Learn to be more self-contained by following the tips below. Knowledge is power but always remember, knowledge without action is useless. Are you treating yourself in the same negative ways that your parents treated you when you were little? Are you punishing yourself the same way your parents did? If this is the case then it’s time to end the negative cycle. You are now the adult in your life so learn to comfort yourself, even if your parents didn’t know how to.

The past has no power over you and there is more power in the present moment.
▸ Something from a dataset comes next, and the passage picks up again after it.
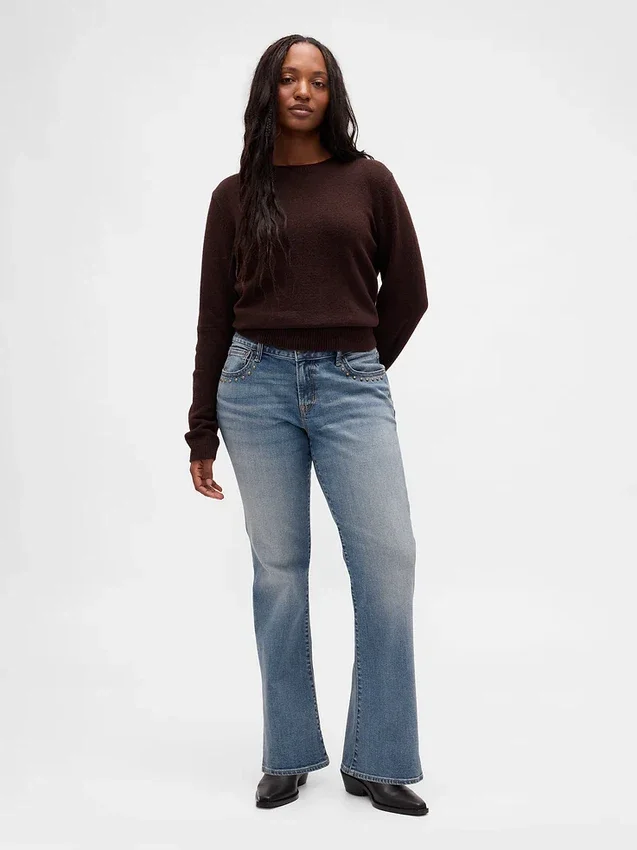 Lågmidjade, långa och smala Jeans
How to rediscover your true self

Make a happy list

Make a list of things that you enjoy doing that makes you happy. It is essential to ensure that you participate in these hobbies on a regular basis. For instance, if you enjoy going to the gym, try and set aside regular days to go on a weekly basis to establish a regular routine.

Be honest with yourself

Write a list of all the different areas of your life including work, family, friends, hobbies, and relationships. Rate the amount of time that you invest in each area, from a scale of 0% to 100%. 100% is the most you could invest in each area and 0% is the least. Once you have established how much time you invest in each area, write down how much time you invest in your relationship with yourself. If you discover that the score is higher in other areas, then this is an indication that you have been giving very little to yourself. The main incentive is to ensure that you give the very best to yourself in order to give the best to others. For instance, it’s no point committing 100% to your job and committing just 10% to your self.

Make positive friends

It’s mandatory to have friends but more importantly, it’s more effective when your friends are positive friends. Positive people motivate, support and encourage you, particularly when you need emotional support or encouragement the most. On the other hand, negative people often celebrate the downfall of others. Consequently, they could project their negativity into you, which could make you feel worse about yourself or others. In addition, there are health benefits in relation to being positive or positive thinking; it could lower rates of depression, anxiety, and stress. The truth is, you attract people who are most like you. So the key is, if you want positive friends then you have to begin to be more positive yourself.

Become more self-reliant

It’s important to have a good support network of people in your life. However, it is also very important to draw strength from within and acknowledge your own personal power.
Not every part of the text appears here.